Before returning the data, strip out the pictures and keep everything else exactly the same.

======== INFORMATION SHOWN

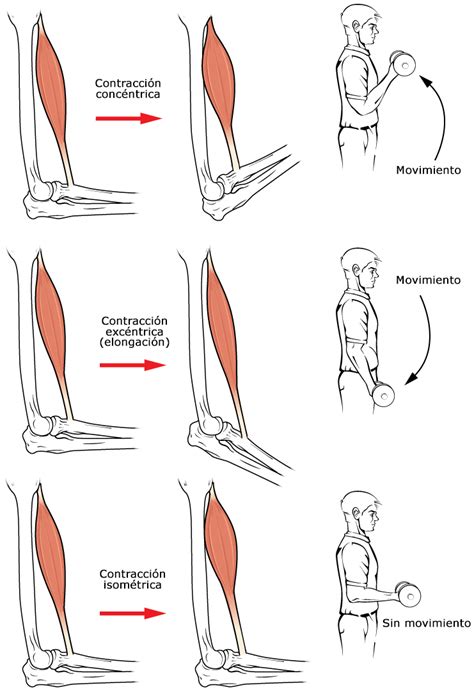 Tipos De Contracción Muscular System Anatomy Basic Anatomy And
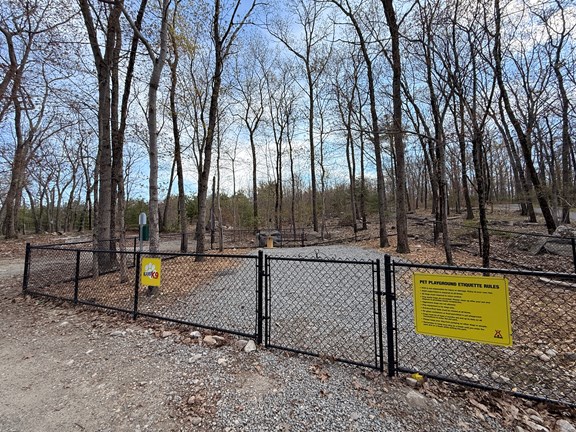Dog Park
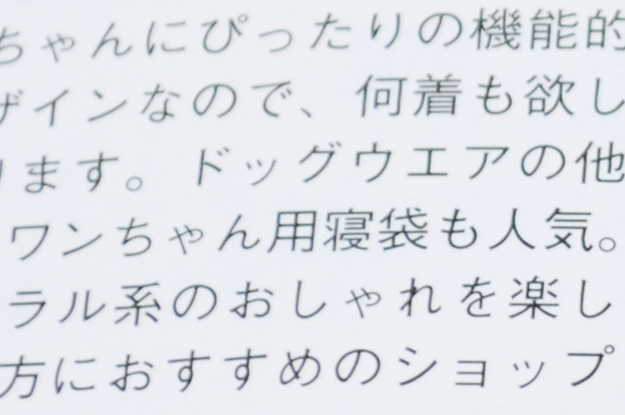 クリスマスの小さな贈り物「愛犬の友｜ウイペット＆イタリアン・グレーハウンド」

================

* [WRITTEN RESPONSE]:
 Tipos De Contracción Muscular System Anatomy Basic Anatomy And
Dog Park
 クリスマスの小さな贈り物「愛犬の友｜ウイペット＆イタリアン・グレーハウンド」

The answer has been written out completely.